日本においては経済産業省が企業のDXの現状を調査したり、導入をサポートする施策を展開している。ここでは近年経済産業省の取り組みについて紹介する。

DXに対する経済産業省の活動

経済産業省は2018年に日本企業のDXの現状を調査したレポートを発行した。

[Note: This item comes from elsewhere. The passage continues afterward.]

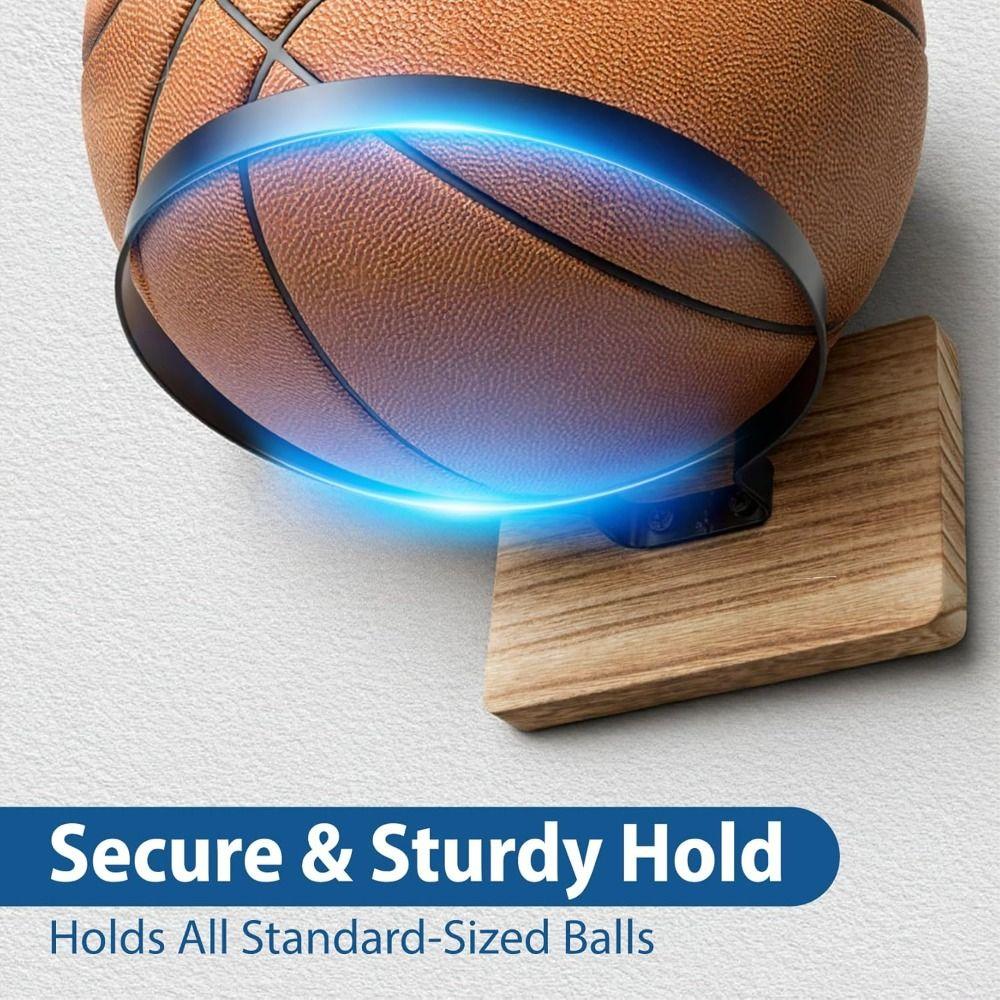 Wooden Base Basketball Holder Space Saving Multi-functional Football Wall Mount Universal Display Rack Home Decor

その中でDX実現へ多くの企業が抱える課題とその対応策について記述し、企業がDX実現のために必要な検討項目等を説明している。
そしてDXを積極的に推進することが企業にとってインセンティブとなるよう認定制度を設け、日本社会において多く企業がDXに向けて取り組むよう促している。

DX認定とは

経済産業省による主なサポート施策として「DX認定制度」があり、この認定を受けることで税制支援や金融支援措置を受けることができる。
法人や個人事業主など全ての事業者が本認定制度の対象となり、法人は企業だけでなく公益法人等も含まれる。
具体的な支援内容は以下の通り。

  • DX推進企業であることを示すロゴマークの提供
  • DX投資促進税制(DXの実現に必要なクラウド技術を活用したデジタル関連投資に対して税額控除もしくは特別償却30%の措置)
  • 中小企業対象の金融支援(日本政策金融公庫による融資と中小企業信用保険法の特例措置)

DX認定の取得方法

DX認定を受けるためには以下の手順に沿って申請を行う。

  1. DX認定制度のWebページから「認定申請書」と「申請チェックシート」をダウンロード
  2. 申請書とチェックシートを記入し、必要に応じて補足資料を準備
  3. 申請用のWebページ「DX推進ポータル」から申請
  4. DX認定制度事務局による審査後、経済産業省で認定
  5. 認定結果受領

申請から認定取得までの期間

申請は通年で可能。申請後、認定取得までの標準期間は約3か月。申請上の不備が確認された場合は修正日程期間分が追加となる。また毎月の締め日(15日頃)直後に申請した場合には次月の処理に回るため約1か月の期間追加(計4か月)となる。